As indicated in Figure 6, the optical microscope embedded in the iMScope made it possible to acquire optical images and ion distribution images in the same instrument. The convenient assessment allowed for an unprecedented visualization of the spatial distribution of phytochemicals in the dried root of Isatis indigotica. Consequently, the localization and spatial information of some molecules in the root tissue were elucidated, which were related to the botanical structure of the herb. In all, a majority of the phytochemicals were shown to be more abundant in phloem, the nutrition-storing tissue of Isatis indigotica, than in xylem, the principle water-conducting tissue. Nevertheless, the signals for some identified constituents were considerably lower, and their mass spectrometry imaging (MSI) localization was therefore not so distinctive. Comparing with the LC-MS analysis after laser microdissection, microscopic mass spectrometry imaging using matrix-assisted laser desorption can reveal the spatial distribution of compounds in a more precise and direct way. Besides, segmentation and dissection might bring uncontrollable pollution, compound migration, or denaturation. However, the differentiation of isomers and absolute quantitation were not available by MALDI-MSI currently.

FIGURE 6

Optical image (A), mass spectrometry image (B), and overlay image (C) of the dried root of Isatis indigotica.

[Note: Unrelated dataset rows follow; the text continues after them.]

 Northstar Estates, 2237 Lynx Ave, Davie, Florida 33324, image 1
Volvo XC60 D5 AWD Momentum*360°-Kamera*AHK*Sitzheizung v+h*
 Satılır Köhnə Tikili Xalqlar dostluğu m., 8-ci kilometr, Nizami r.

Finally, based on the ion images, data were collected from the whole tissue and analyzed by partial least squares (PLSs), and the dried root of Isatis indigotica from four habitats was differentiated unambiguously. Spectra collected from the whole tissue, the outer part of the tissue (cork, cortex, and phloem), and the inner part of the tissue (cambium and xylem) were also inputted for principal component analysis (PCA). However, no distinct cluster was observed for samples from different habitats.

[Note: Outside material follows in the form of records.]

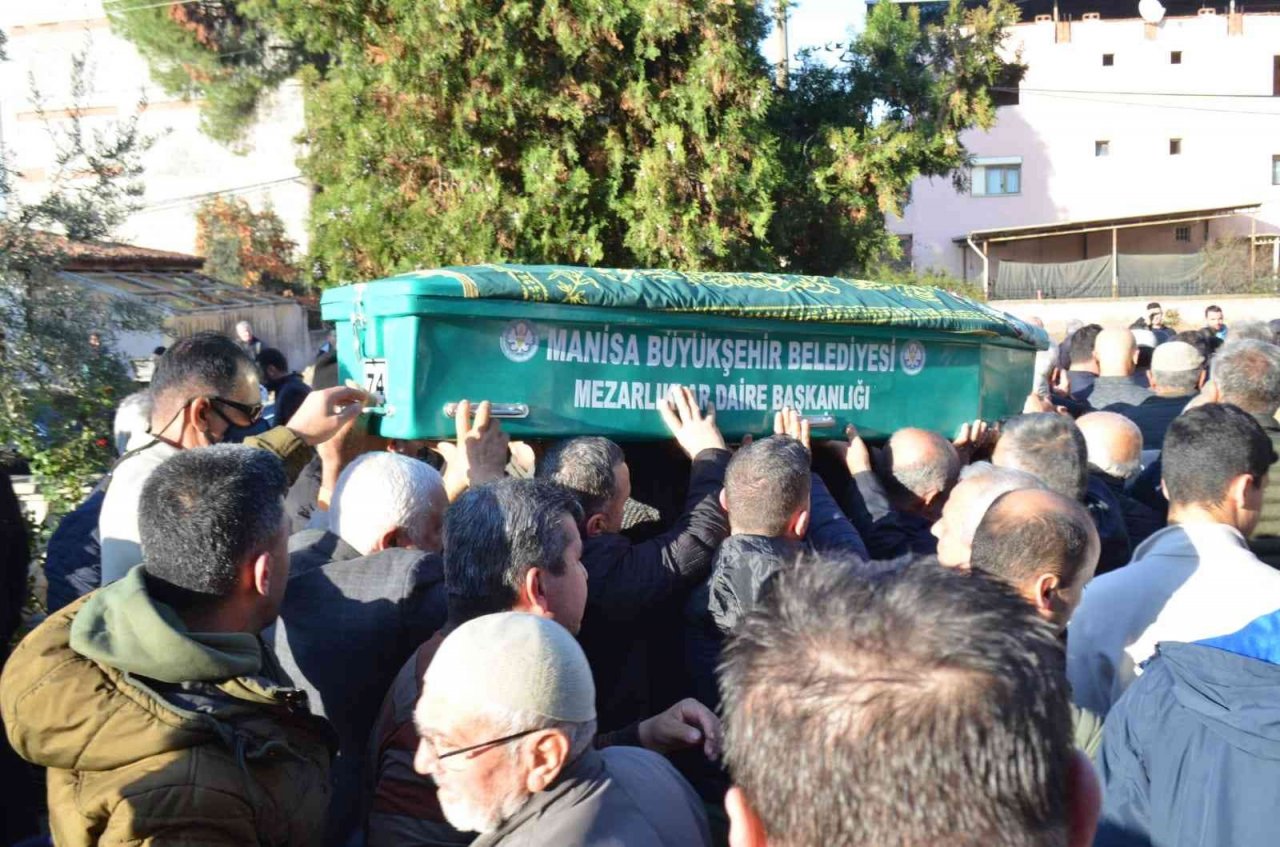 Ahmetli Belediye Başkanı Alhan’ın acı günü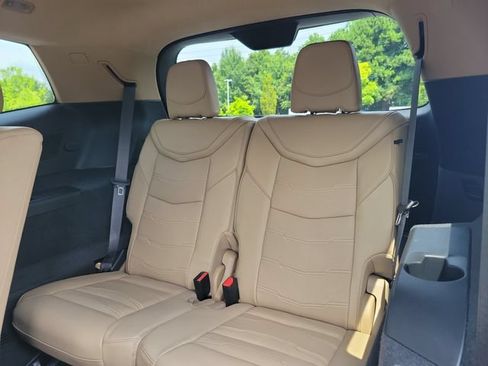 Used 2024 Cadillac XT6 Premium Luxury w/ Platinum Package FWD image 10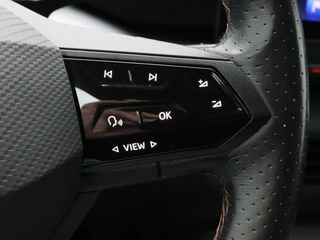 CUPRA Born Performance One 62 kWh 204 Pk | Stoel/Stuurverwarming | Camera | Adaptive Cruise | Navigatie | 18 Inch | 66.591 Km !! / 24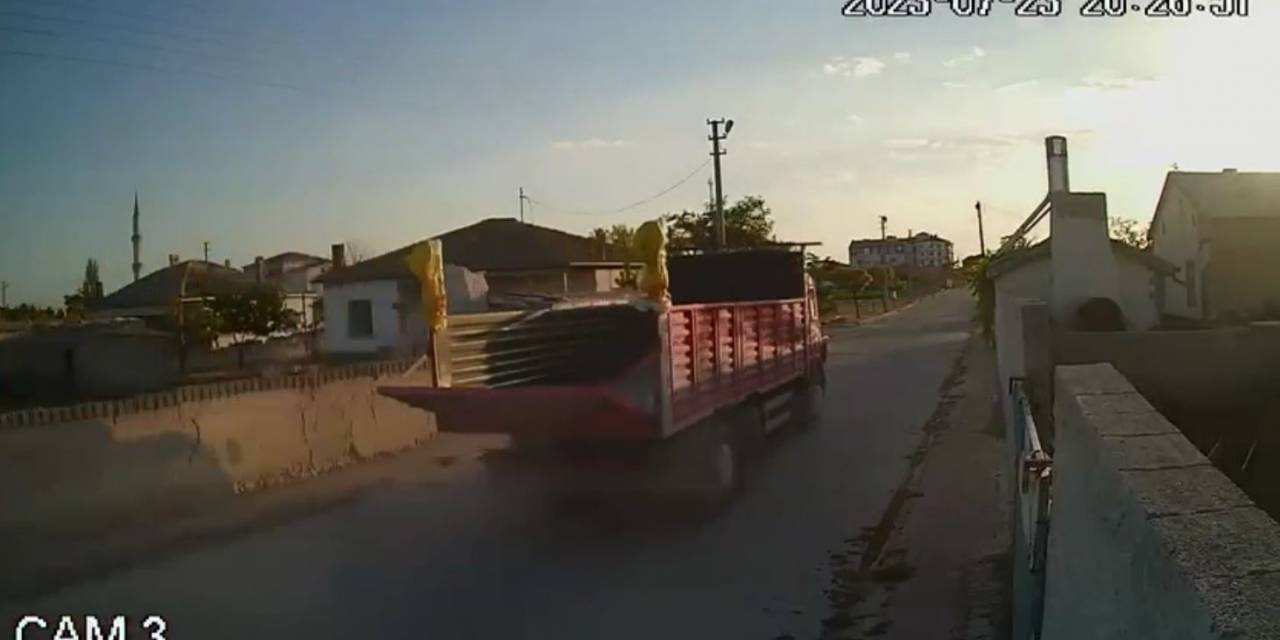 Kamyonun Çarptığı Motosiklet Sürücüsü Hayatını Kaybetti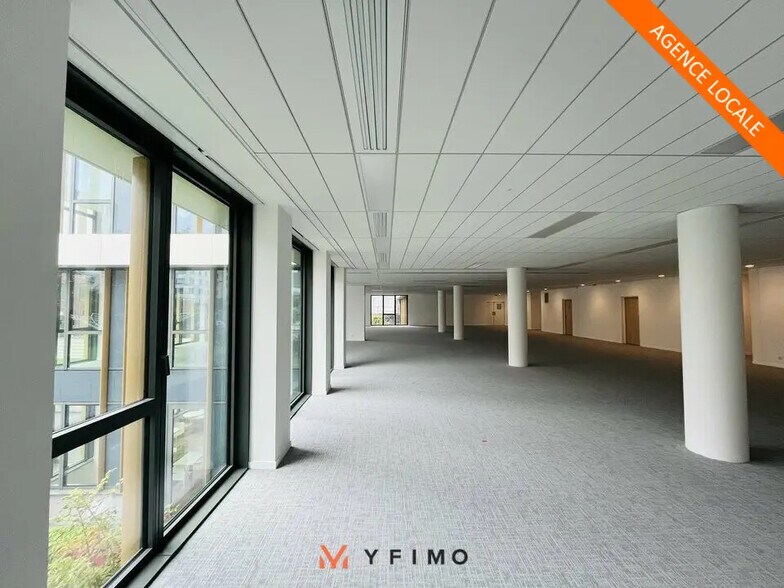 Local d’activités dans Montigny-le-Bretonneux à louer - Photo de l’immeuble – Image 2 sur 10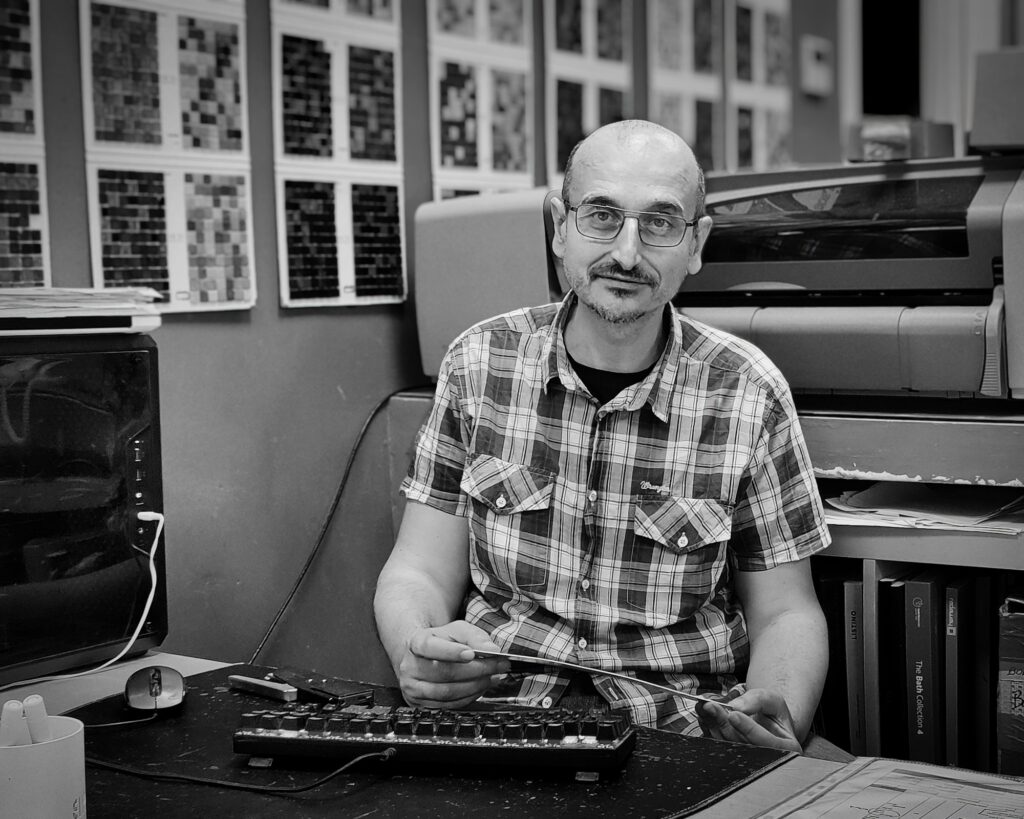 chi siamo 3 Stefano Cesqui Architetto, ritratto
Con la Realprogetti trovi tutti i servizi per la tua casa: progettazione, pratiche edilizie, materiali per ristrutturare, consulenze, rilievi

Among other possibilities, the results from this study can be applied to increase the extraction yield of a given active component in Isatis indigotica, which is promising in research fields, such as pharmaceutical applications and industrial production. Moreover, the location of specific metabolites is helpful to improve the understanding of the relationship between compound distribution and plant structure as well as function. Combining with the chemometric method, mass spectrometry imaging (MSI) provides a simple and rapid approach for distinguishing habitats of traditional Chinese medicine (TCM) and exploring the environmental effects of plant growth. Finally, similar studies on other traditional Chinese medicine (TCM) are underway in our laboratory.